The Plotinus also shows her restraining some of her earlier exuberance, but she’s unswerving in her belief in the necessity of freedom for literature to confront all of experience. Her highly wrought, rhythmic, tumultuous prose pulses with the confidence of an earlier, less self-critical and self-doubting era, when the erotic could surge unfettered through a narrative as a herald of individual fulfillment. She often writes like a jazz trumpeter, moving in bursts of improvisation—cascades of words wrap the reader in wall-to-wall sound. (It may be relevant that her son, Jean-Yves Ducornet, is a musician.) When the narrator dreams, he reports,

I saw mountains of parrots exploding like rockets, tantrums of eagles, estuaries of lions, blue torrents of magpies, a ruin of wrens; I saw the river of death rising to the Moon, entire alphabets shattering like glass.

This could be Breton himself, or Paul Éluard, another of Ducornet’s acknowledged inspirations. Lexical delirium, a riot of assonance, the list does not exactly make pictures in the mind (estuaries of lions?), but it does fine as music on the page. Splitting sound from sense is, like nonsense, a stimulus to pleasure. It also allows for revelation through verbal conjuring effects—for transvaluing a hornet’s scariness through lyric sensuousness.

In interviews and articles Ducornet has stressed that “rigor and imagination” are the two poles of her approach to writing. Those “entire alphabets shattering” also give a clue to the character of her work: she splits the word as sign from the word as music. Brightfellow (2016), her most personal and touching novel, gives probably the closest rendering of her own childhood experiences, projected onto the male persona of the protagonist. He is given his name, Brightfellow, by the little girl next door, whom he idolizes and desires with a child’s unconditional adoration. She is called Asthma.

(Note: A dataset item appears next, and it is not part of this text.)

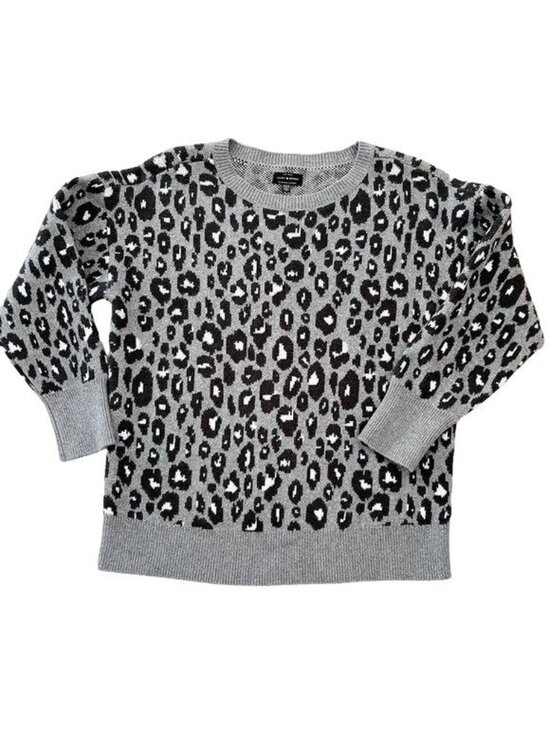 Lucky Brand Sweaters - Lucky Brand Sweater Size 2X Gray Leopard Print Crew Neck Soft Knit Pullover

If there is a semantic reason for this, I missed it. The word is pretty, feminine-sounding, appealing—only if you sever it from its usual meaning. This arbitrary wit turns now and then into Carrollian jabberwocky: in Trafik, the Wobble enters “the lesser-known ring of the Brighter Erg Compaction, where once the great Rimsy Grimes had vanished.” Ducornet’s flouting of language’s denotational function, her penchant for verbal games, combined with the jumps and jolts of her tone, can, however, distance the reader from the characters whom she often evokes with great tenderness.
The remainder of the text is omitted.